Economics/Class Relations

Thoughts on the Parasitic Wing of the Bourgeoisie

by Alan Bickley

Last summer, I went with my wife and daughter on holiday to Shropshire. While there, we spent an afternoon in Ironbridge. This has as good a claim as any to being the place where the Industrial Revolution began. It was close by here that, in 1710, Abraham Darby found how to smelt iron in a blast furnace powered by coke. It was here that, in 1779, his grandson caused the first bridge to be made from prefabricated parts of cast iron. A quarter of a millennium ago, the whole district was under a perpetual darkness of coal smoke, lit only by the flames of the ironworks. If the winds blew powerfully enough, a blackened landscape came in sight – a landscape shaped by deep gashes into the bowels of the Earth, from which any reasonable man could suppose we were tearing the means to lift us from the slime of our origins all the way to the stars.

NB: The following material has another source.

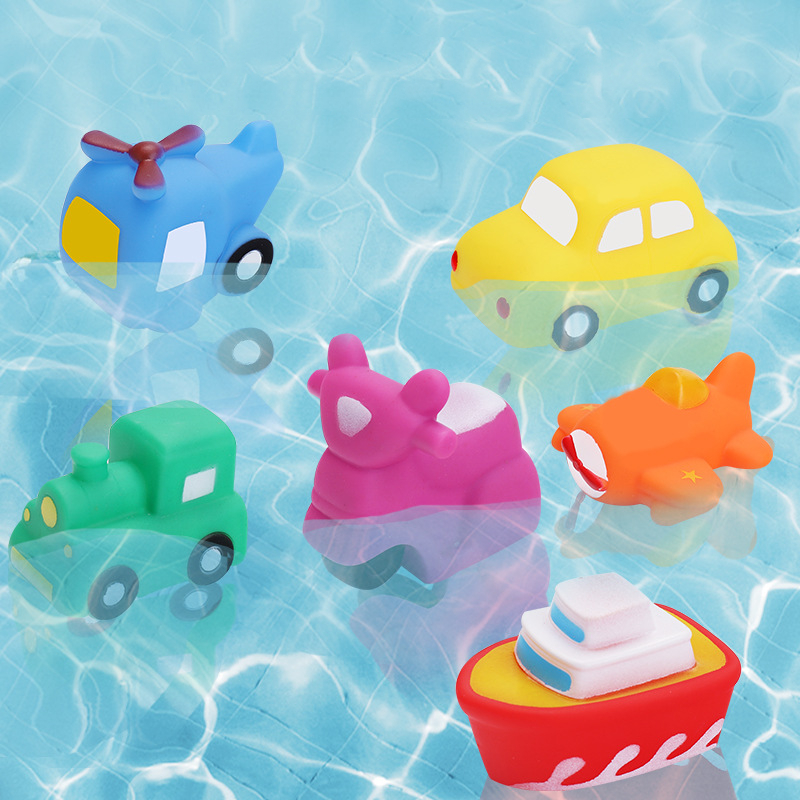 Silicone Sound Soft Vehicle Models Bathtub Toys 2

When I was there in the July of 2021, the industry was long departed. The main colour was green. The buildings had been scrubbed an anaemic yellow. And the people – oh the people! Various ages, but all with the loud, braying voices of ownership; filling up the socially-distanced seats outside the coffee shop nearest the Bridge, and sipping with learned delicacy at their skinny Earl Grey lattes. Inside the shop, I had gained one or two disapproving stares when I specified that I wanted my coffee in paper cups with plastic lids. Bearing in mind the nature of their conversations, I could have glared at them. Instead, I stopped half-way across the Bridge, and stared back at them. Sour dislike turned at once to loathing. Where was that Virus? Why, after eighteen months of hysterical outpourings from the régime media, was every street in the Home Counties not filled with their shrivelled, mouldering corpses? Instead of that, the parasitic wing of the English bourgeoisie was out in force that day, triumphing in one of the many places from which it had helped beat back the future.